The sociocultural perspective has made important contributions to the treatment of schizophrenia, in terms of both hospital and outpatient care. In inpatient aspects, Milieu treatment is used and clients can take active responsibility for decisions about the management of their environment and therapy programs. In recent years, as hospital stays have been drastically shortened by economic pressures, the need for quality outpatient services has become especially great. There are more outpatient treatment options, including partial or day hospitalization programs and halfway houses for the seriously mental ill. The most important factor in effective community care for schizophrenia appears to be the coordination of services. A program called assertive community treatment (ACT), which offers frequent and coordinated contact with clients by a team of professionals, have been shown to decrease relapses, rehospitalizations, police involvement, and the need for emergency medical care.

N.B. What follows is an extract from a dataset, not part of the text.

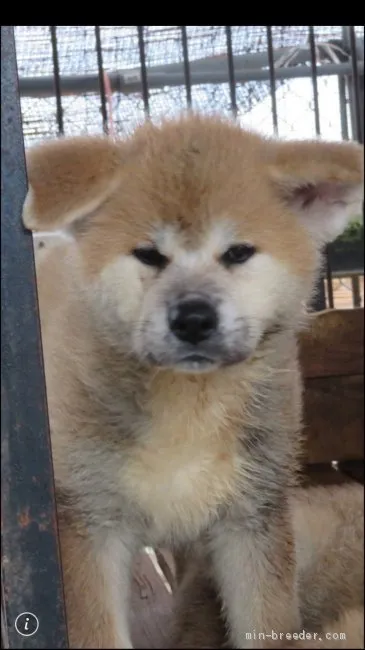 秋田犬【香川県・女の子・2019年6月1日・赤】の写真1「令和元年８月１５日撮影」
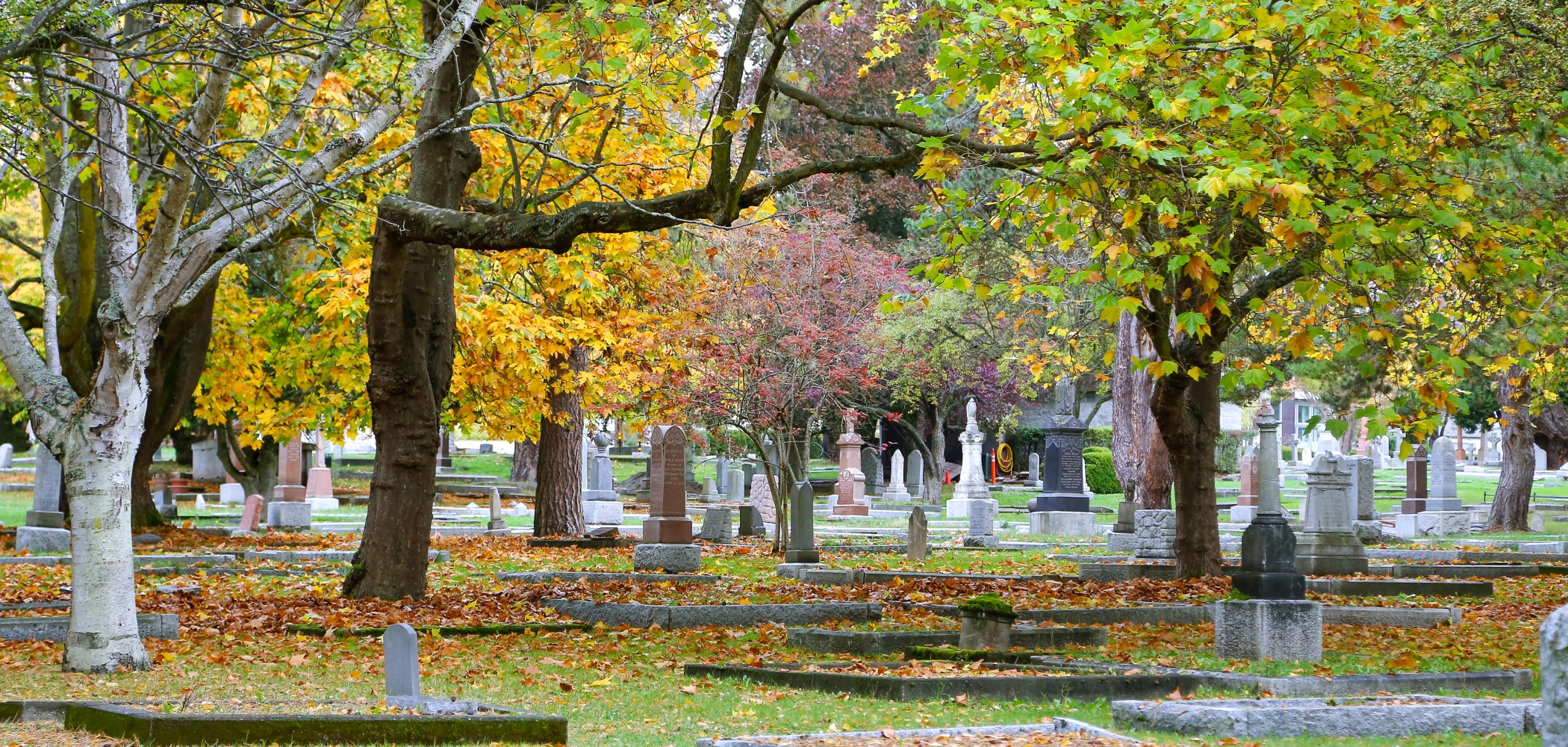 8 Ways to Embrace Halloween in Victoria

Although ACT is expensive due to the number of professionals involved, such programs have also been shown to be cost effective compared to the alternatives. For example, a recent Australian study showed that an ACT program was able to reduce the number of hospitalizations in the target population by 43%, resulting in savings of almost $14,000 per client per year.
Family interventions have been shown to reduce communication deviance and expressed emotion, and to lower the risk of relapse of schizophrenic symptoms in previously diagnosed clients. These, in turn, reduce the number of rehospitalizations for clients with schizophrenia.
Psychotherapy can be a crucial adjunct to medication since the effects of medication are typically limited in scope, and the combination of the two has been shown to improve personal adjustment, prevent relapse, and increase ongoing treatment compliance. Individuals with schizophrenia have wishes, fears, hopes, and conflicts that can be helpfully addressed in a caring therapeutic relationship.
Based on the principle of multiple causality, personal therapy was developed for schizophrenia. It combines cognitive, behavioural, psychodynamic and humanistic principles as an adjunct to appropriate pharmacological treatment and focuses on helping clients with schizophrenia to solve the practical problems of daily life. It has been shown to produce general improvement and to prevent relapses in clients with schizophrenia.